TASK DETAILS: From the line with "Pronájem Chalet Crans-Montana" to the end of the data below, restate each line word for word, both ends included, without the pictures.

↓

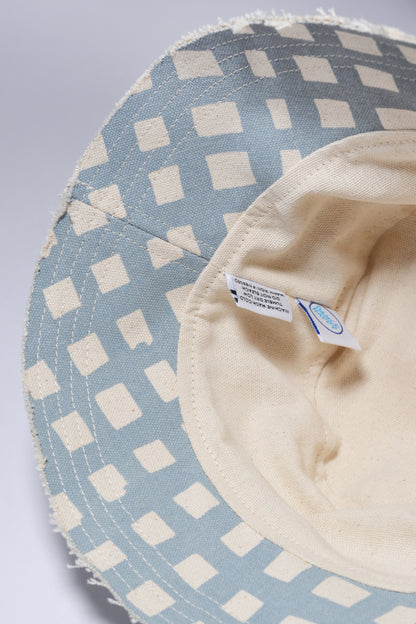 Grid Bucket Hat
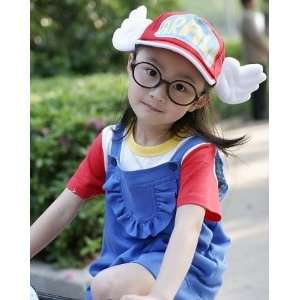    Cosplay Costumes Dr.Slump & Arale clothing 5pc Set 3 Toys & Games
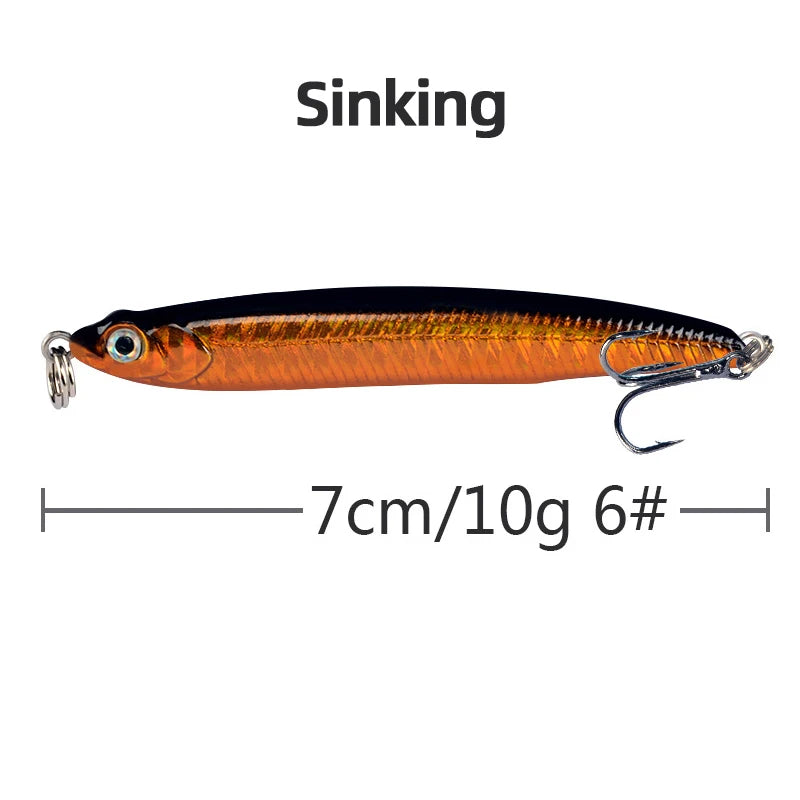 <strong>Thrill Stick Long Casting Sinking Pencil Lure</strong>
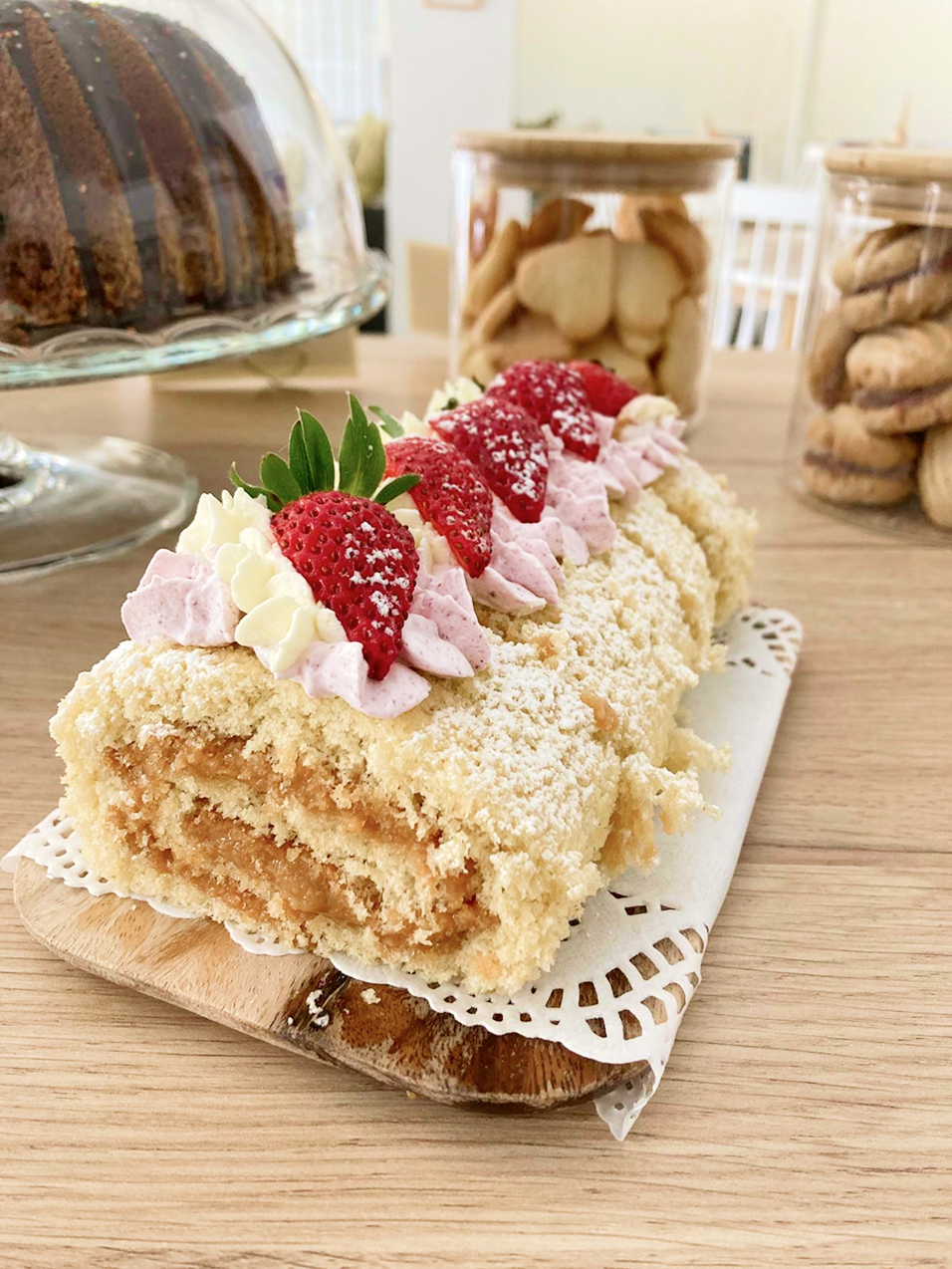 Kääretorttu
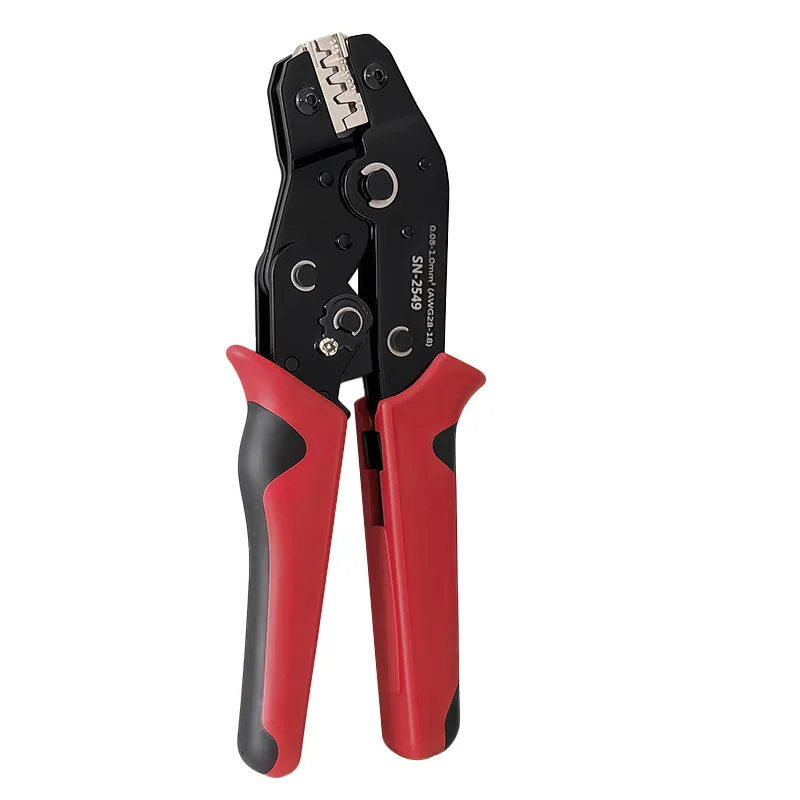SN-2549 Dupont Crimping Tool Kit for PH2.0, XH2.54, VH3.96, JST Pin & Connector Terminals | 0.08-1.0mm²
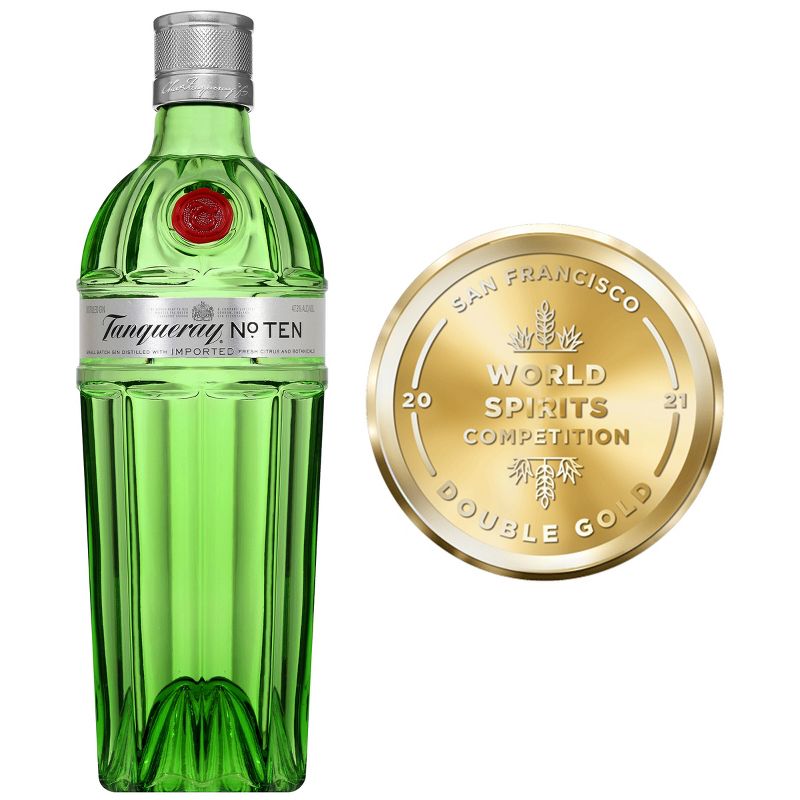 Tanqueray No. 10 Gin - 750ml Bottle, 2 of 8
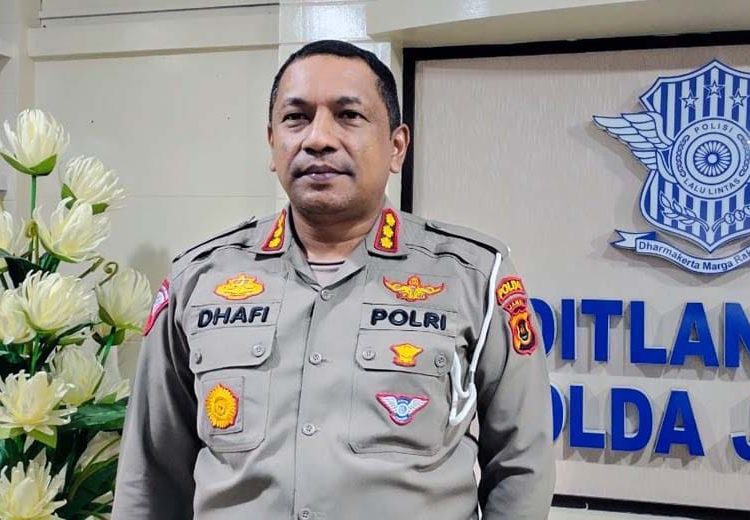 Dit Lantas Polda Jambi Kombes Pol Dhafi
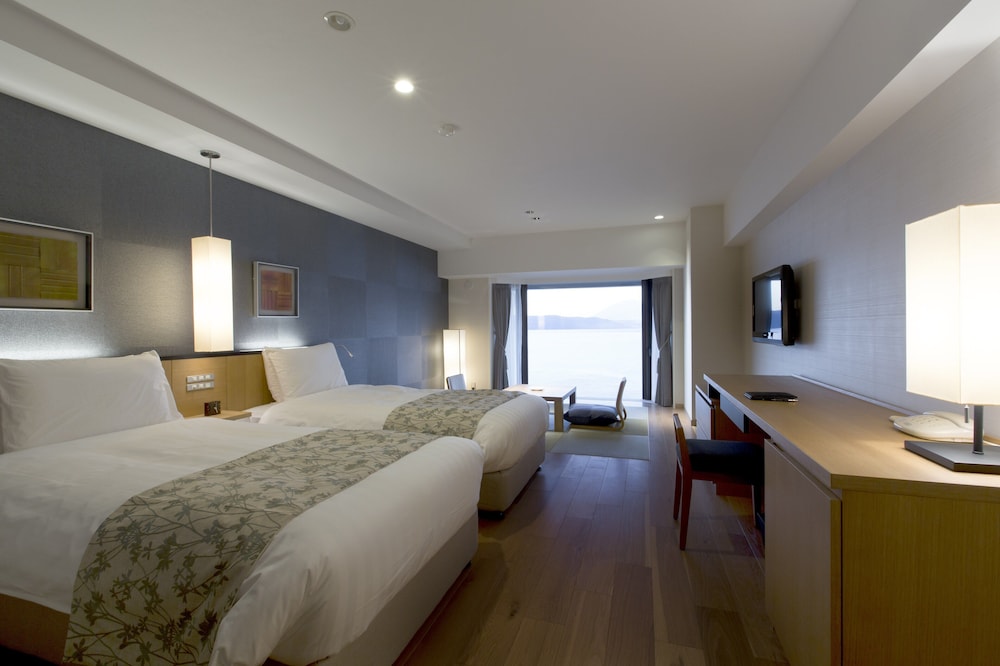 スパリゾート館　和洋室 (buffet) | ザ レイクビュー TOYA 乃の風リゾート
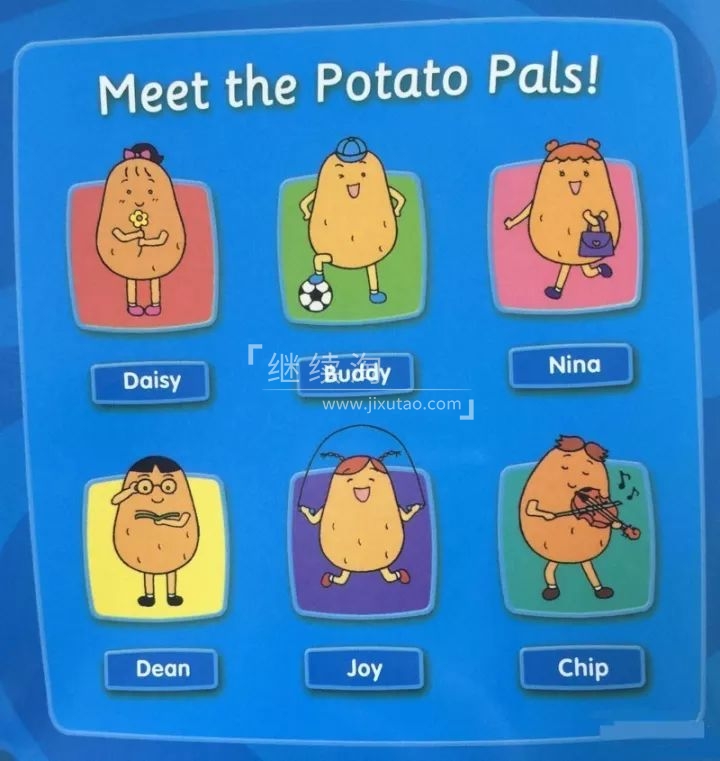 Oxford Potato Pals 牛津小土豆 图片5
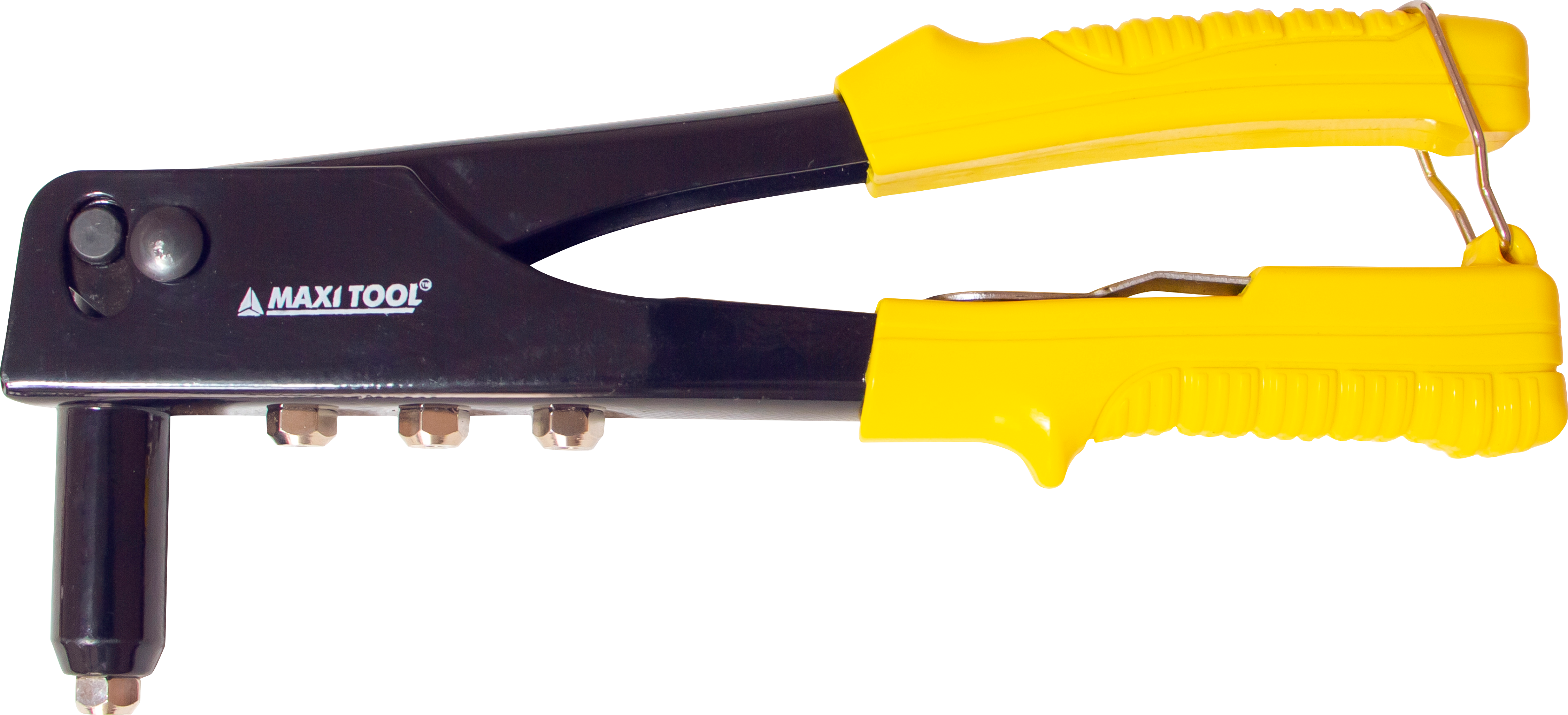 Заклепочник 81436 L=250мм заклепки из алюминия рукоятка ПВХ MaxiTool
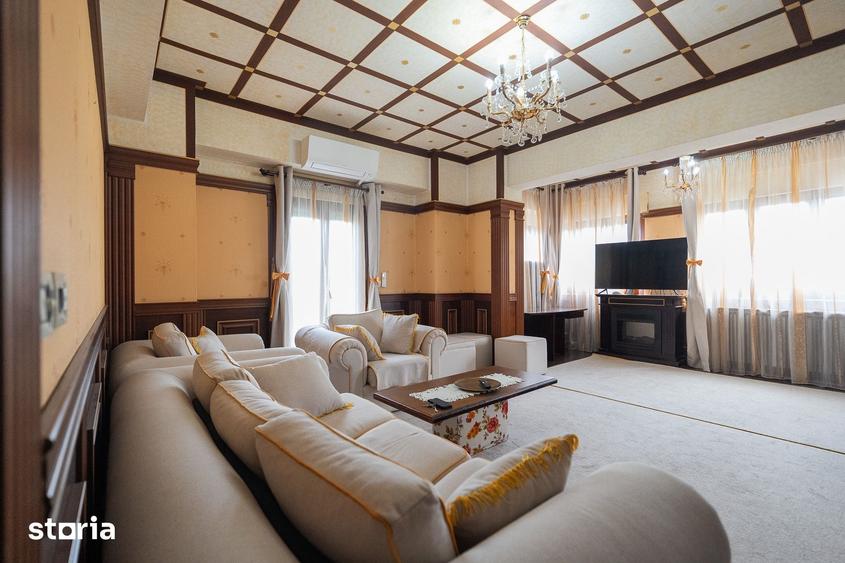 Apartament cu 3 camere decomandat în Băneasa
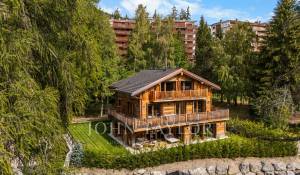 Pronájem Chalet Crans-Montana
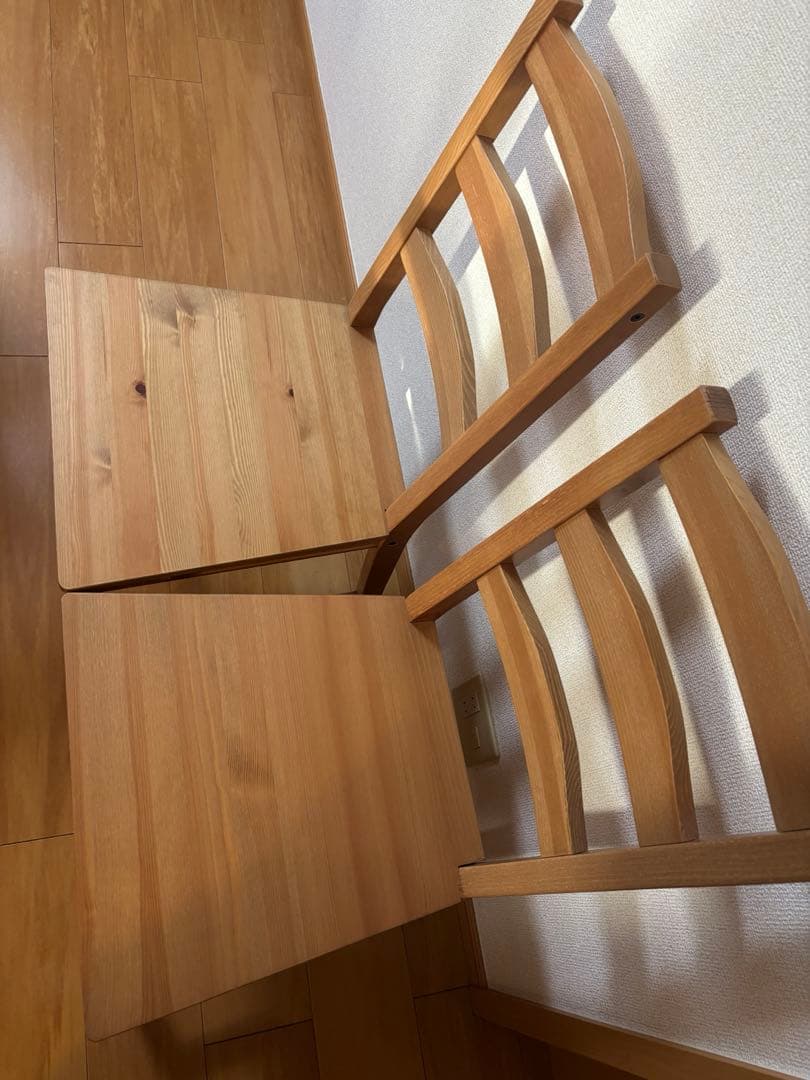 イケア IKEA JOKKMOKK イス ダイニングチェア 2脚セット
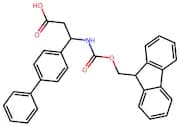 3-((((9H-Fluoren-9-yl)methoxy)carbonyl)amino)-3-([1,1'-biphenyl]-4-yl)propanoic acid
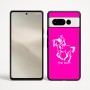 כיסוי בעיצוב אישי עם השם שלך לדגם - Google Pixel 9 Pro 5G בעיצוב רוכב סוסים 2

↑

WRITTEN REPLY:
 Pronájem Chalet Crans-Montana
 イケア IKEA JOKKMOKK イス ダイニングチェア 2脚セット
 3-((((9H-Fluoren-9-yl)methoxy)carbonyl)amino)-3-([1,1'-biphenyl]-4-yl)propanoic acid
 כיסוי בעיצוב אישי עם השם שלך לדגם - Google Pixel 9 Pro 5G בעיצוב רוכב סוסים 2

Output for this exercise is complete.